On a more positive note, the company reminded the market that its East Coast Supply Project (ECSP) plans remain unchanged.
The drilling program remains within budget, with the ASX 300 Energy stock expecting the next well to be drilled in the second half of calendar year 2026.
While a final investment decision (FID) for the development phase of the ECSP has been deferred until after the new wells are drilled, the company is still targeting first gas from the project in 2028.
Amplitude Energy is targeting first gas from the project in 2028.
The company’s balance sheet and cash position have not changed materially with this announcement, and the existing producing assets continue to generate operating cashflows.
While the ECSP growth project is clearly not an existential one for this stock, it was the primary reason the market gave Amplitude a growth premium.
That premium has now been substantially removed, and investors now appear to be repricing the Final Investment Decision (FID) timeline.
While ECSP is Amplitude’s flagship project, the company also has production operations in the Gippsland Basin (Offshore Victoria), Otway Basin (Offshore Victoria), and Cooper Basin (Onshore South Australia).
In FY25, the company recorded trailing twelve-month revenue of approximately $275 million with underlying profitability still narrow.
Amplitude Energy has a market cap of $494 million; the share price is down 30% in one year and down 38% in the last week.
The stock’s shares appear to be in a near-term downtrend confirmed by its 20-day moving average.
Consensus is Strong Buy.
Greenwing Resources jumps after flagging mining restart
Shares in Greenwing Resources (ASX: GW1) were trading 7.7% higher at noon after the critical minerals explorer/developer told the market it had launched a Pre-Feasibility Study (PFS) at its 100%-owned Que River polymetallic project in Tasmania to refine the scale, economics and development pathway for a potential restart of mining.
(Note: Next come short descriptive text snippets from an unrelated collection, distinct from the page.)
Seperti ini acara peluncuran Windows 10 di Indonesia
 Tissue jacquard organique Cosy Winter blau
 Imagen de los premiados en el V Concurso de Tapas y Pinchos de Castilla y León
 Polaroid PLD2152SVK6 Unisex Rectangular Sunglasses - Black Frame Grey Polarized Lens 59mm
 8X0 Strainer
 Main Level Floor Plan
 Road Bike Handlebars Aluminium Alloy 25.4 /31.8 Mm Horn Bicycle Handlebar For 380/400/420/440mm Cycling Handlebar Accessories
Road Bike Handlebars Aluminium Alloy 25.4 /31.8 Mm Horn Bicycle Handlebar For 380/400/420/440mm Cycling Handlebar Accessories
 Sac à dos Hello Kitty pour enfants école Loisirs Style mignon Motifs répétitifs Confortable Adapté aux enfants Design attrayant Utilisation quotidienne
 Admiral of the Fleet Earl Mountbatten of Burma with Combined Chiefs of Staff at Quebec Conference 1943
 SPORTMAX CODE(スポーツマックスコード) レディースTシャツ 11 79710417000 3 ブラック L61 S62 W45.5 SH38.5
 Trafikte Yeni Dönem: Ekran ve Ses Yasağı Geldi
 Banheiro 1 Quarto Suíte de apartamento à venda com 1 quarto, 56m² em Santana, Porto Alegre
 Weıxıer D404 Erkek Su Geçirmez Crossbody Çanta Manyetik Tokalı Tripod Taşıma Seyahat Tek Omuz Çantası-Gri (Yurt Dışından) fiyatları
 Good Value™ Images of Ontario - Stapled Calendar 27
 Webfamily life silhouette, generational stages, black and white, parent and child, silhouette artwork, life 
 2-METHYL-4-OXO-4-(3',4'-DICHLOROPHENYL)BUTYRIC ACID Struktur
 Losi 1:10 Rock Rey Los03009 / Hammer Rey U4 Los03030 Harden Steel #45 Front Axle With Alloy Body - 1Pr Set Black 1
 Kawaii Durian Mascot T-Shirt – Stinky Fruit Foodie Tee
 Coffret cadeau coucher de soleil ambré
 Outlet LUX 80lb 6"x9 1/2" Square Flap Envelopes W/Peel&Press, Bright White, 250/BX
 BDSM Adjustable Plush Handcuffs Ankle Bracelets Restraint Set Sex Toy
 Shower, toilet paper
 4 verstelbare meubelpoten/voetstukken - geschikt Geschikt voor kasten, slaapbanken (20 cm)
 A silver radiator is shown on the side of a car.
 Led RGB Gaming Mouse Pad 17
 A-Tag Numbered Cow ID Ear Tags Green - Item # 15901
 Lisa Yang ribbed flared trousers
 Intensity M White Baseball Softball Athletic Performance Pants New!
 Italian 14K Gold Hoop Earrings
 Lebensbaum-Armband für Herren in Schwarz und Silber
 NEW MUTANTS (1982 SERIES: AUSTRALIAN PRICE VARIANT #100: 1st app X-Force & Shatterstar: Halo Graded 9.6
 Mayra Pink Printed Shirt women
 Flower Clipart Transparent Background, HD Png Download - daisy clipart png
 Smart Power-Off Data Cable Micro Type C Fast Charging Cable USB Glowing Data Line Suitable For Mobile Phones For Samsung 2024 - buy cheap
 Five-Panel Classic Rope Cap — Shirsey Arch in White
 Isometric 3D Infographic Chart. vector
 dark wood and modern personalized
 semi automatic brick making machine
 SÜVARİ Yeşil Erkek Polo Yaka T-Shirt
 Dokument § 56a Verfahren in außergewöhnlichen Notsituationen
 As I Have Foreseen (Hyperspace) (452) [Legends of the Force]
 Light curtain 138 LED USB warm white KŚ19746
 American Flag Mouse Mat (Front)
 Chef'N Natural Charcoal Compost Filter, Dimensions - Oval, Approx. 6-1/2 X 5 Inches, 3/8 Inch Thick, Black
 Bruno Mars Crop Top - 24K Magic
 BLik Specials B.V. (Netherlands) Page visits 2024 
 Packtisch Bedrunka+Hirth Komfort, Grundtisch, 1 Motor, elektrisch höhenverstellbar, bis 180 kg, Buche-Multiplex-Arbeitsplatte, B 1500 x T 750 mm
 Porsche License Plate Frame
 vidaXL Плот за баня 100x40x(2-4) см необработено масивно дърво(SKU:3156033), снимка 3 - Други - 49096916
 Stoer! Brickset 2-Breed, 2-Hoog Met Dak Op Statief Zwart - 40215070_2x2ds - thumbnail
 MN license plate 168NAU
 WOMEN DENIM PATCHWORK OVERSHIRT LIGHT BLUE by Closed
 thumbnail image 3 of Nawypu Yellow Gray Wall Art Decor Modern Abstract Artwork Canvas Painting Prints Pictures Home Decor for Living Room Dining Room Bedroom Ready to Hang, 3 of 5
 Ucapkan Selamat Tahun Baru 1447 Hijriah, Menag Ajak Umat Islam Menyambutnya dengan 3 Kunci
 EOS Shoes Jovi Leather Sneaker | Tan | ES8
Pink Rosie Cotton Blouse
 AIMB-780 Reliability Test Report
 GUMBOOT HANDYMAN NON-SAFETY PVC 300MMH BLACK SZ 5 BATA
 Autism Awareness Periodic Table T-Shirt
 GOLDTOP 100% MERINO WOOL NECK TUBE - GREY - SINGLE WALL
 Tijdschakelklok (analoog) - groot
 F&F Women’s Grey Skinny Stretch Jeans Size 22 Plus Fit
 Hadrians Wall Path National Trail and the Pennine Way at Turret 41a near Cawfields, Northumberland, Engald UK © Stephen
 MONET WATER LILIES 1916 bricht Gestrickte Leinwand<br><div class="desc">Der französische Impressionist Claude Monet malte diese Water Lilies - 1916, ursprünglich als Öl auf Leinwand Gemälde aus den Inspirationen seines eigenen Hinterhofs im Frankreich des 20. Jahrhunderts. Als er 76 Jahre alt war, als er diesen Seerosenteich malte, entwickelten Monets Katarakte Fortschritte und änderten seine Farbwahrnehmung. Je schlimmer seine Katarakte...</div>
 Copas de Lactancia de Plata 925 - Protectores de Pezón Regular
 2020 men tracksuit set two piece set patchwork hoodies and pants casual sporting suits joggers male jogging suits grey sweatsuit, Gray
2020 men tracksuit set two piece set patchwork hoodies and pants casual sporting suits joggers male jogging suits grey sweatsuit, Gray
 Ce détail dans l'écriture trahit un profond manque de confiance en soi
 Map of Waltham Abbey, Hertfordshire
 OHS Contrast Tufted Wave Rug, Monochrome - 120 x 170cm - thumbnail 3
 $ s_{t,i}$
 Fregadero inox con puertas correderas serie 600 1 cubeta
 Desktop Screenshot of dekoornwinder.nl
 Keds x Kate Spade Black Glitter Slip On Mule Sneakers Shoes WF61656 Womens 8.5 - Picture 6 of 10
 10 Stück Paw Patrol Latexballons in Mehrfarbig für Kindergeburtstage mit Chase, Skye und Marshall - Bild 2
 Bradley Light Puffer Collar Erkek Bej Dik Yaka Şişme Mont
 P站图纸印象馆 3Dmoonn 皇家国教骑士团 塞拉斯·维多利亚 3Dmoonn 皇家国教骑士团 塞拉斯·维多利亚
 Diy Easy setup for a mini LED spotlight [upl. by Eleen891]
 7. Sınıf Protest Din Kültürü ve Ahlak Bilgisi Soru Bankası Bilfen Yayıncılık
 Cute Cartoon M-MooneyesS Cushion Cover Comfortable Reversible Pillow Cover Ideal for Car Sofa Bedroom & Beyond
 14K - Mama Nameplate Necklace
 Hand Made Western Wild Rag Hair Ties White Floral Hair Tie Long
Built on earlier scoping studies and an updated mineral resource estimate, the PFS aims to clarify mine design, processing options, costs, approvals and environmental and rehabilitation parameters.
It’s understood that the miner is pursuing a two-stage strategy that initially targets low-capex open pit mining of about 660,000 tonnes of gold, copper, silver, zinc and lead-bearing material using third-party processing, then evaluates longer-term data infrastructure opportunities on site.
Previous analysis suggested a roughly 40% uplift in net smelter return and conceptual cash flows to around $100 million.
Greenwing is also advancing lease renewal, rehabilitation planning, stakeholder engagement and potential strategic partnerships to unlock broader value from the Que River to host data infrastructure.
The miner hopes to leverage the site’s existing infrastructure, strategic location, and favourable characteristics, including proximity to a 30MW substation, 200ML of water availability, cleared areas, established access, and a remote, secure location.
The company will update the market on the PFS progress and related developments in due course.
Beyond Tasmania, Greenwing (formerly Bass Metals Limited) has lithium and graphite projects across Madagascar and Argentina and plans to supply electrification markets, while researching and developing advanced materials and products.
In late 2022, Chinese EV maker NIO invested $12 million to become Greenwing’s largest shareholder, securing a potential joint venture and offtake partner for its San Jorge Lithium Project in Argentina.
Greenwing Resources has a market cap of $19 million; the share price is up 19% in one year and down 10% in the last week.
While the stock's 200-day moving average is trending upwards and highlights long-term investor interest in the stock, the 5-day moving average is below the 20-day moving average.
Consensus does not cover this stock.
This article does not constitute financial or product advice. You should consider independent advice before making financial decisions.